• [WHAT IS BEING ASKED] Leave the pictures out and write out the rest of the listing word for word.

• [DATA BLOCK]
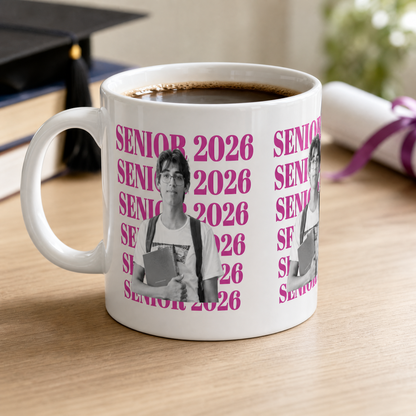 Senior Vintage Photo - Personalized Mug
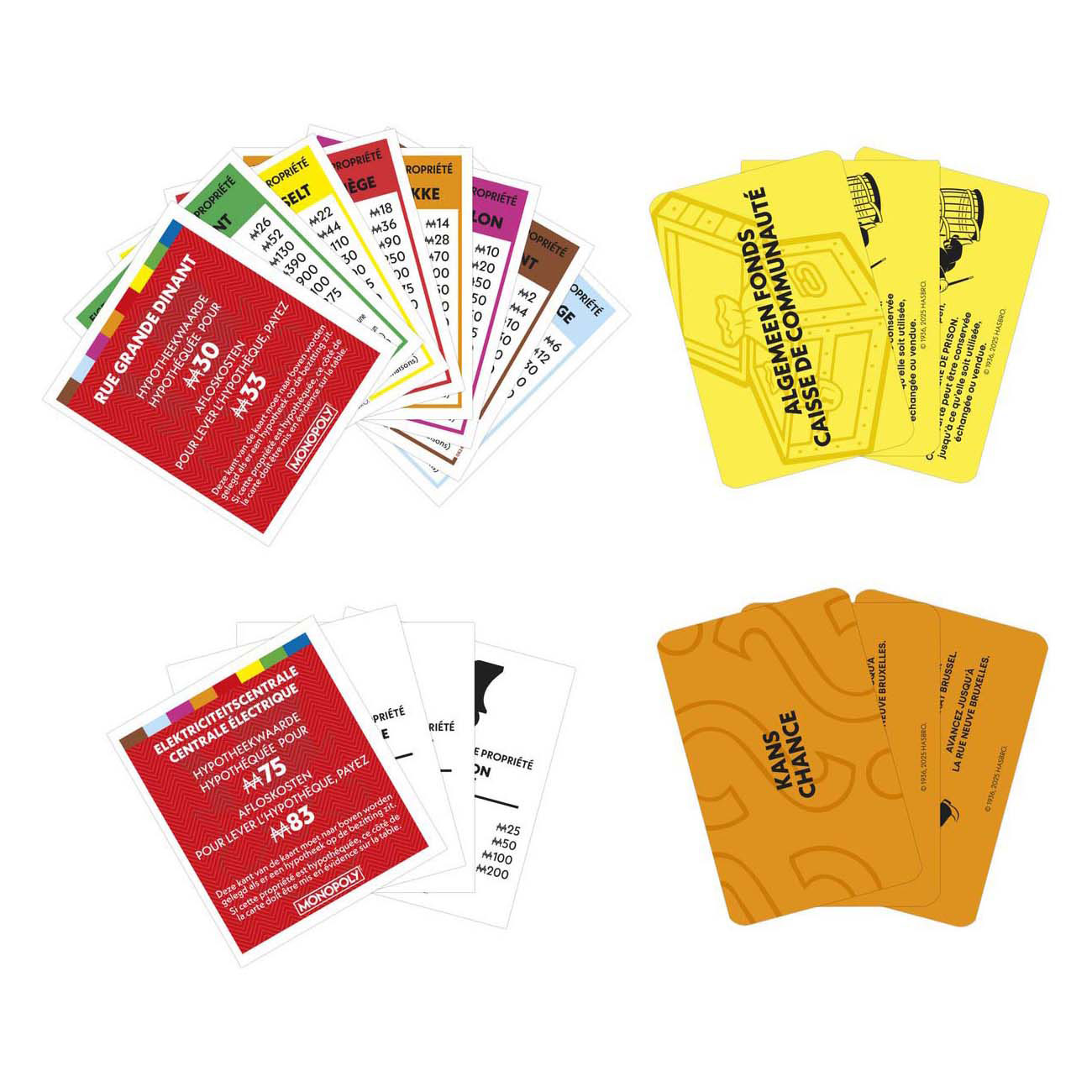 Monopoly Classic Renewed Edition Belgien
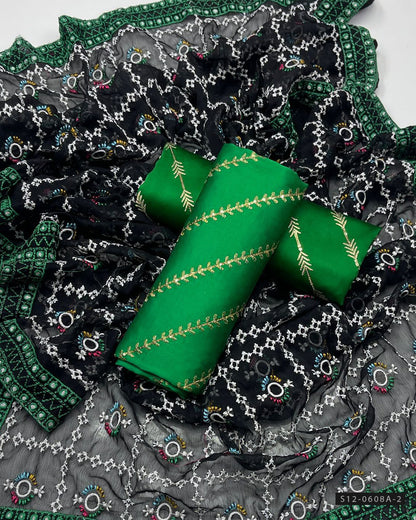 3 PC Unstitched Fancy Dress Colllection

• [ANSWER SPACE]
 Senior Vintage Photo - Personalized Mug
 Monopoly Classic Renewed Edition Belgien
 3 PC Unstitched Fancy Dress Colllection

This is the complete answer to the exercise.